[Exercise objective] An exact transcription of the lines from the one holding "Sydney, Australia. Il" to the end of the entries below, and nothing more, is the required answer. Please omit the pictures.
Start of Data
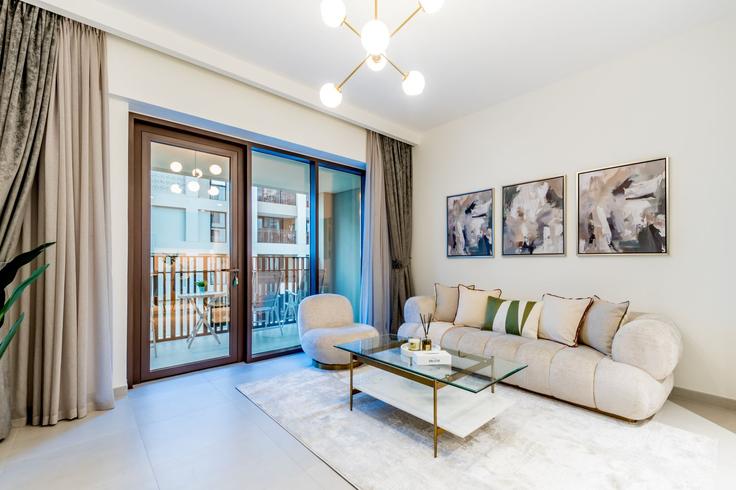 Elegante sala de estar con mobiliario moderno en un apartamento en Building Tariaq Bedon Esm - dlx-holiday-homes - 1239335 - DXB en Ras Al Khor, Dubai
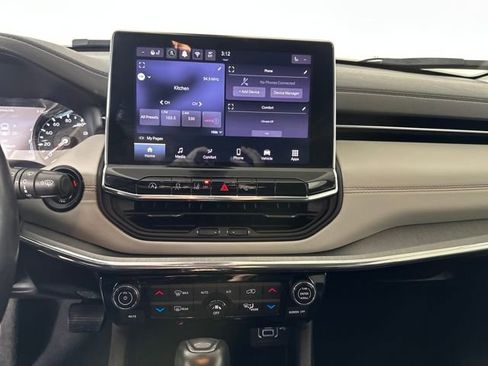 Used 2022 Jeep Compass Limited image 21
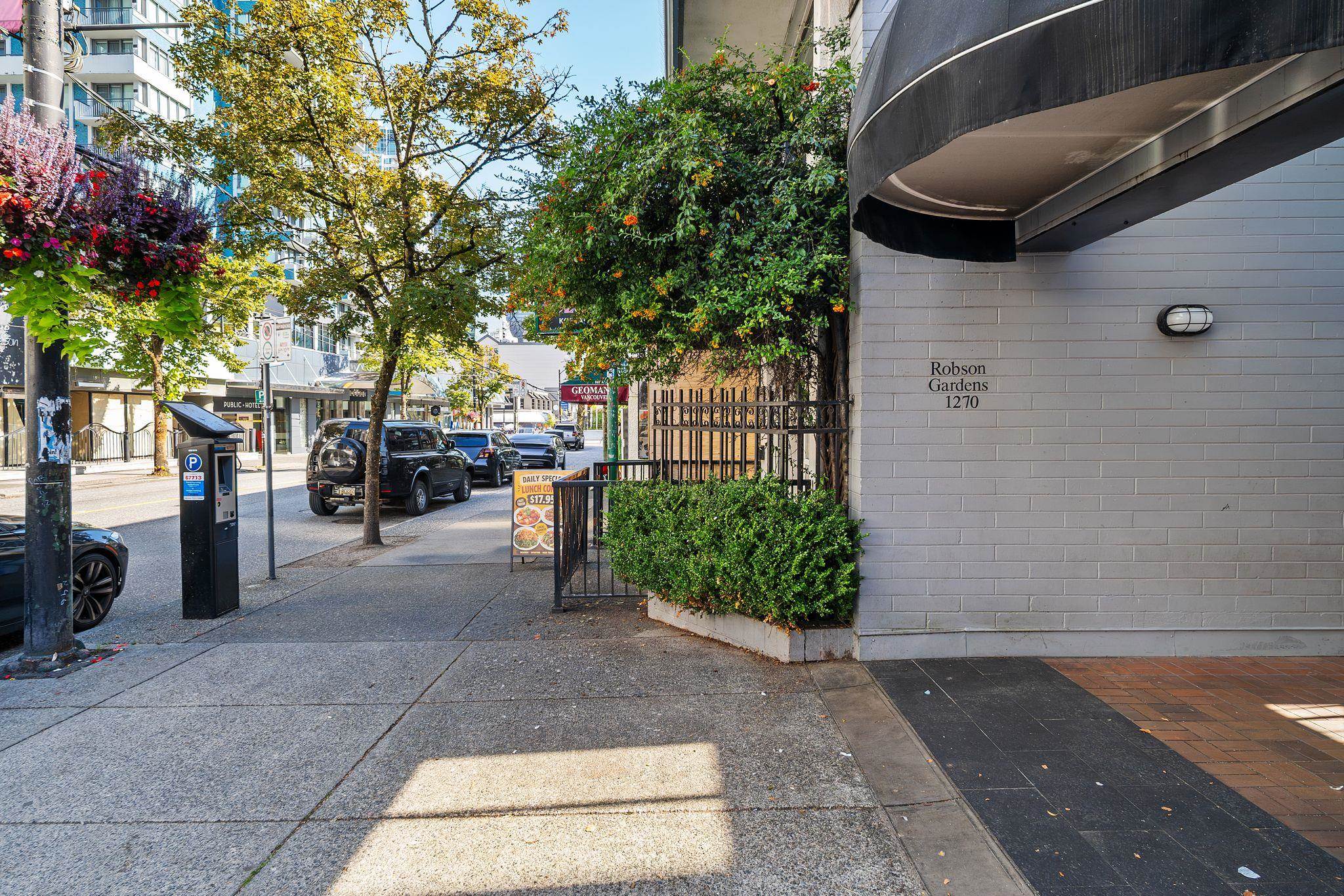 803 1270 ROBSON STREET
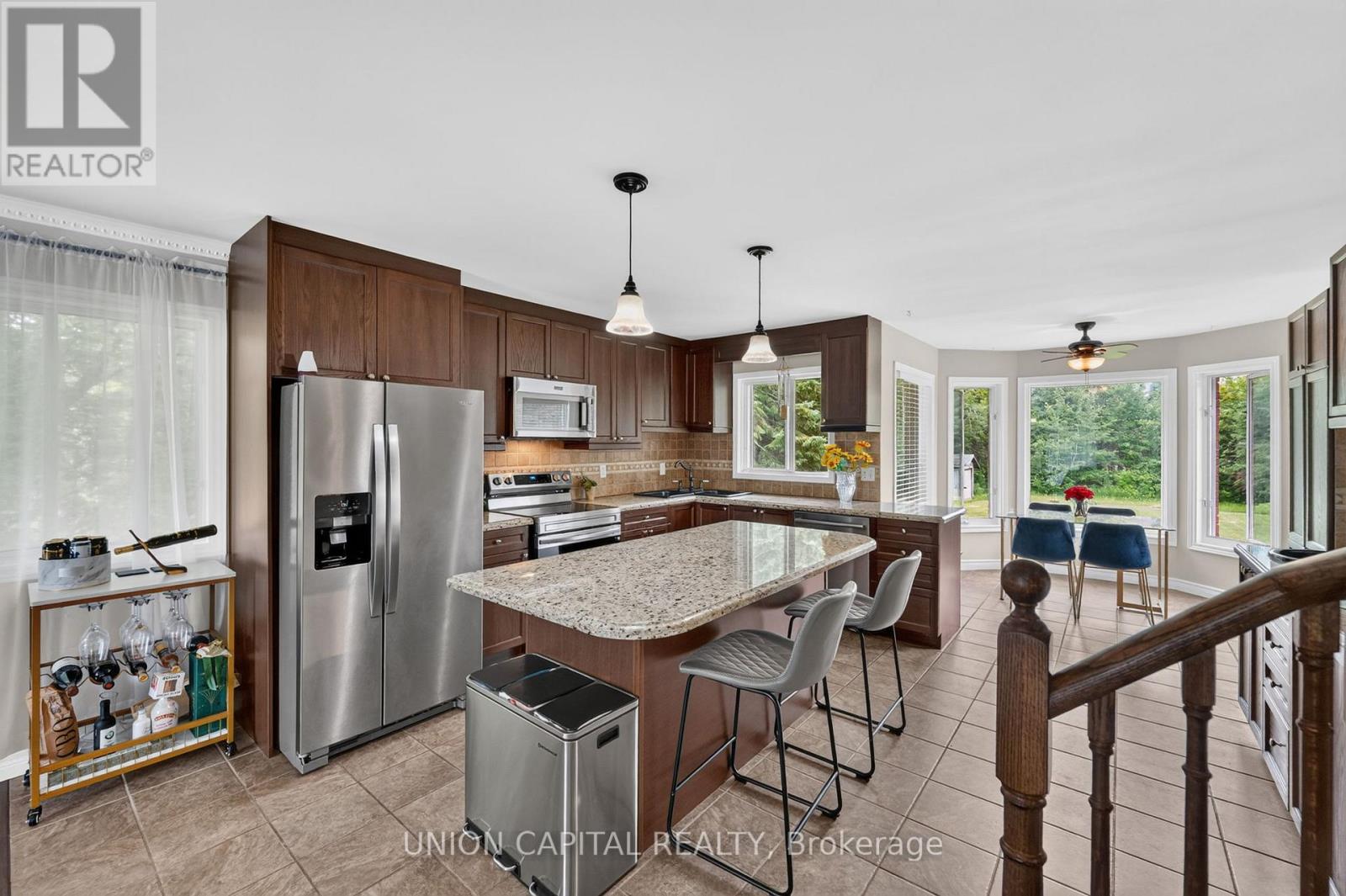 3132 RAVENSHOE ROAD - 13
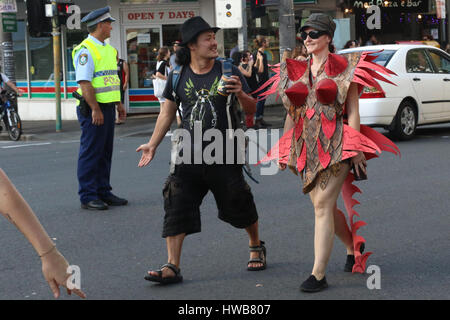 Sydney, Australia. Il 19 marzo 2017. Tenere Newtown strano e di sicuro i manifestanti assemblati in Victoria Park prima di marciare e balli lungo King Street, Newtown verso Sydney Park. (C) Richard Milnes/Alamy Live News Foto Stock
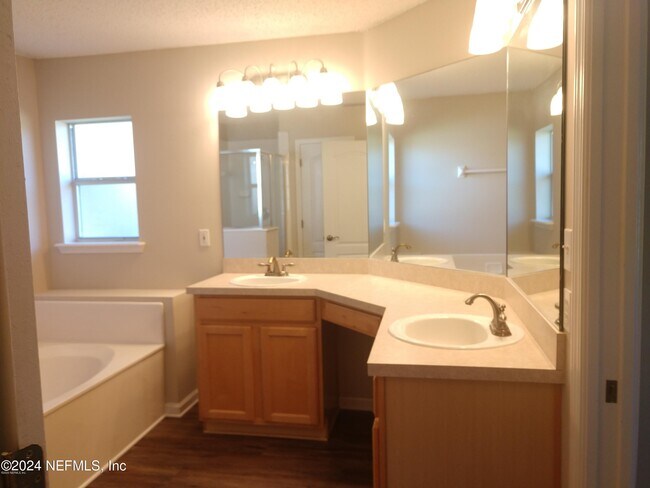 Building Photo - 14019 Crestwick Dr W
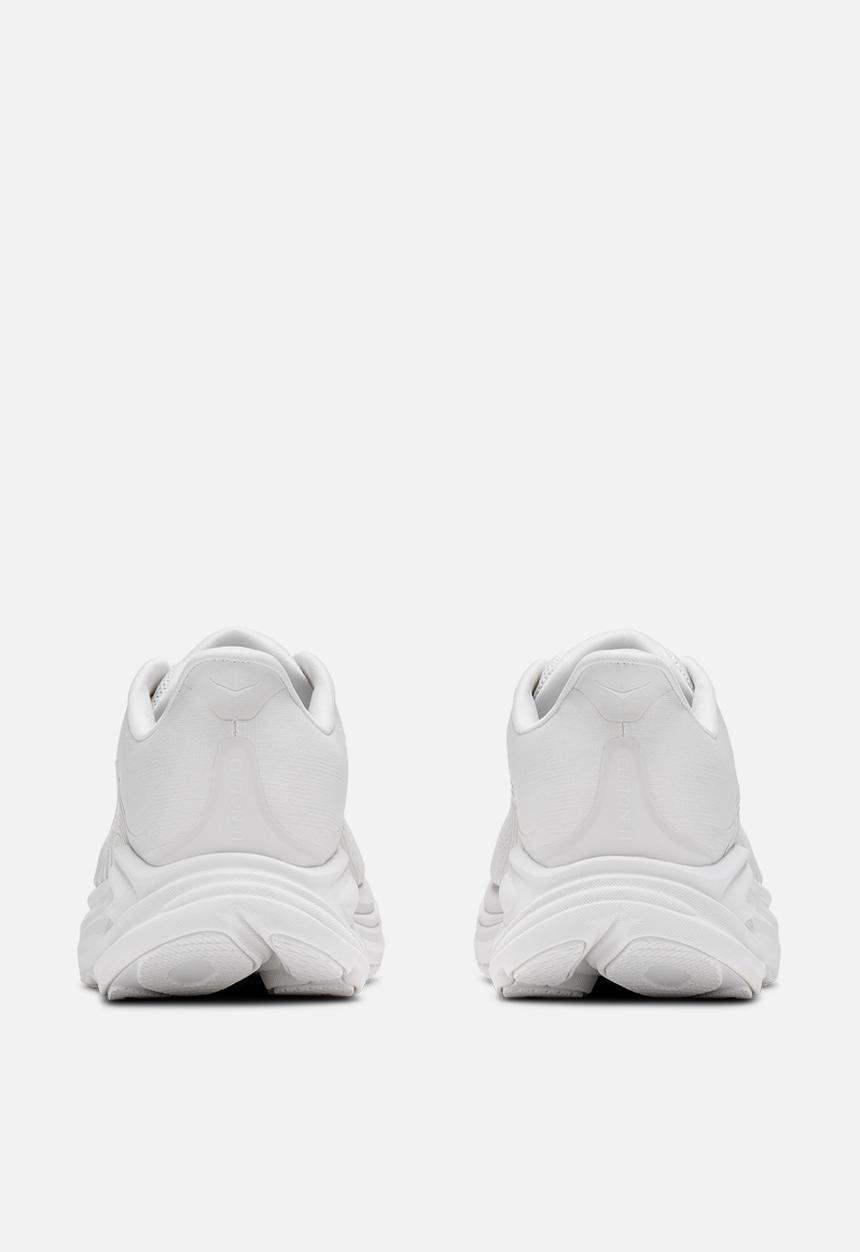HOKA - CLIFTON 11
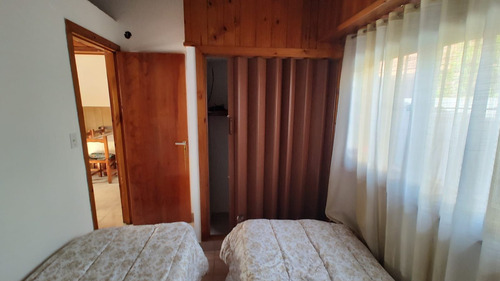 Departamento En Venta De 2 Dormitorios C/ Cochera En Costa Azul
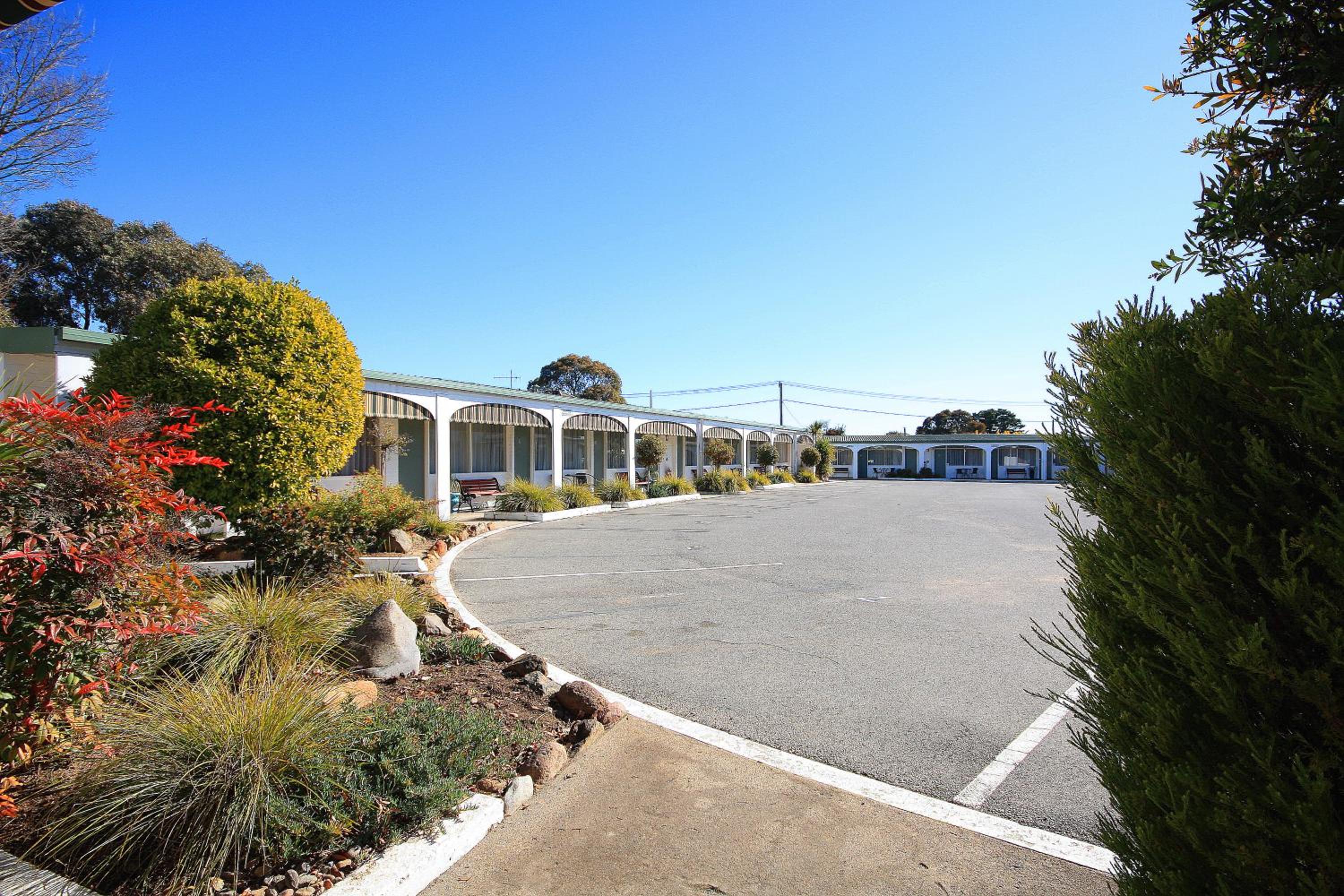 Hi Way Motor Inn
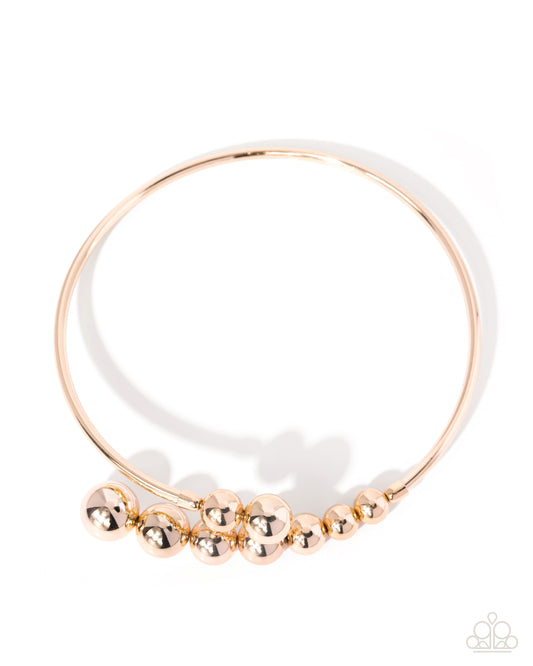 Paparazzi Smoldering Showcase - Gold Flexible Wire Coil Necklace N3927
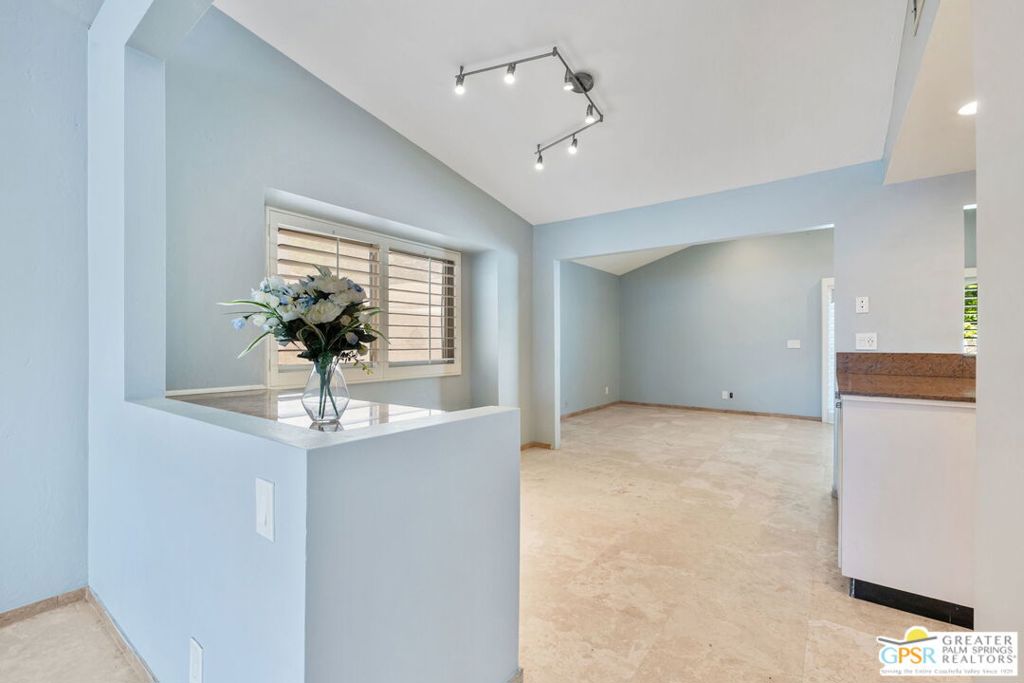 28465 Avenida Condesa Property Photo 7
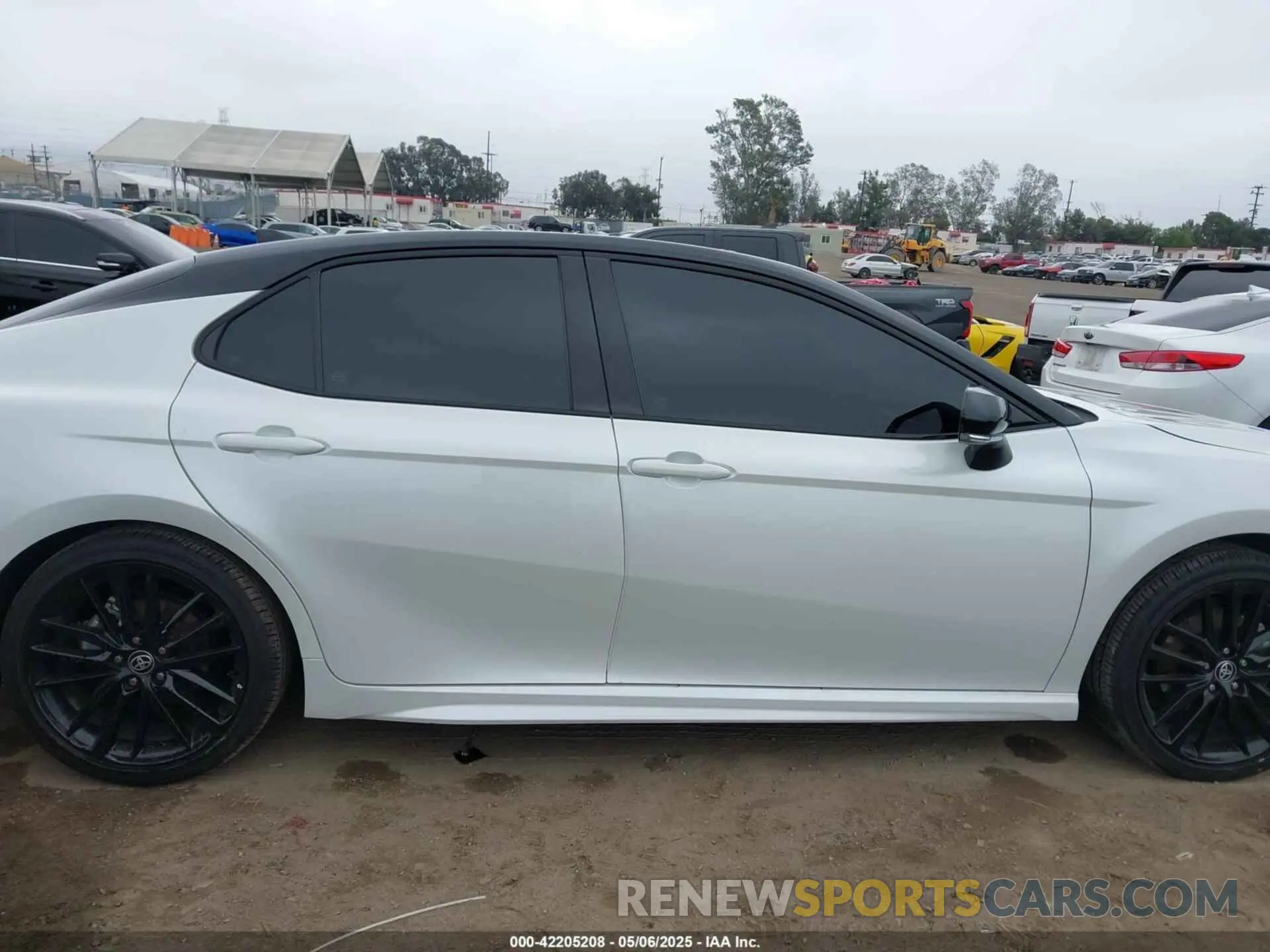 13 fotografías del automóvil dañado 4T1K31AKXPU057827 TOYOTA CAMRY 2023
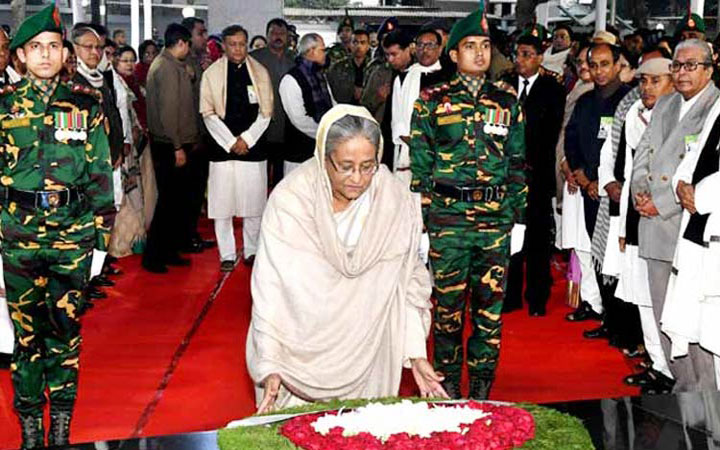বঙ্গবন্ধুর প্রতিকৃতিতে প্রধানমন্ত্রীর শ্রদ্ধা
End of Data
[Answer space]
 Sydney, Australia. Il 19 marzo 2017. Tenere Newtown strano e di sicuro i manifestanti assemblati in Victoria Park prima di marciare e balli lungo King Street, Newtown verso Sydney Park. (C) Richard Milnes/Alamy Live News Foto Stock
 Building Photo - 14019 Crestwick Dr W
HOKA - CLIFTON 11
 Departamento En Venta De 2 Dormitorios C/ Cochera En Costa Azul
 Hi Way Motor Inn
 Paparazzi Smoldering Showcase - Gold Flexible Wire Coil Necklace N3927
 28465 Avenida Condesa Property Photo 7
 13 fotografías del automóvil dañado 4T1K31AKXPU057827 TOYOTA CAMRY 2023
বঙ্গবন্ধুর প্রতিকৃতিতে প্রধানমন্ত্রীর শ্রদ্ধা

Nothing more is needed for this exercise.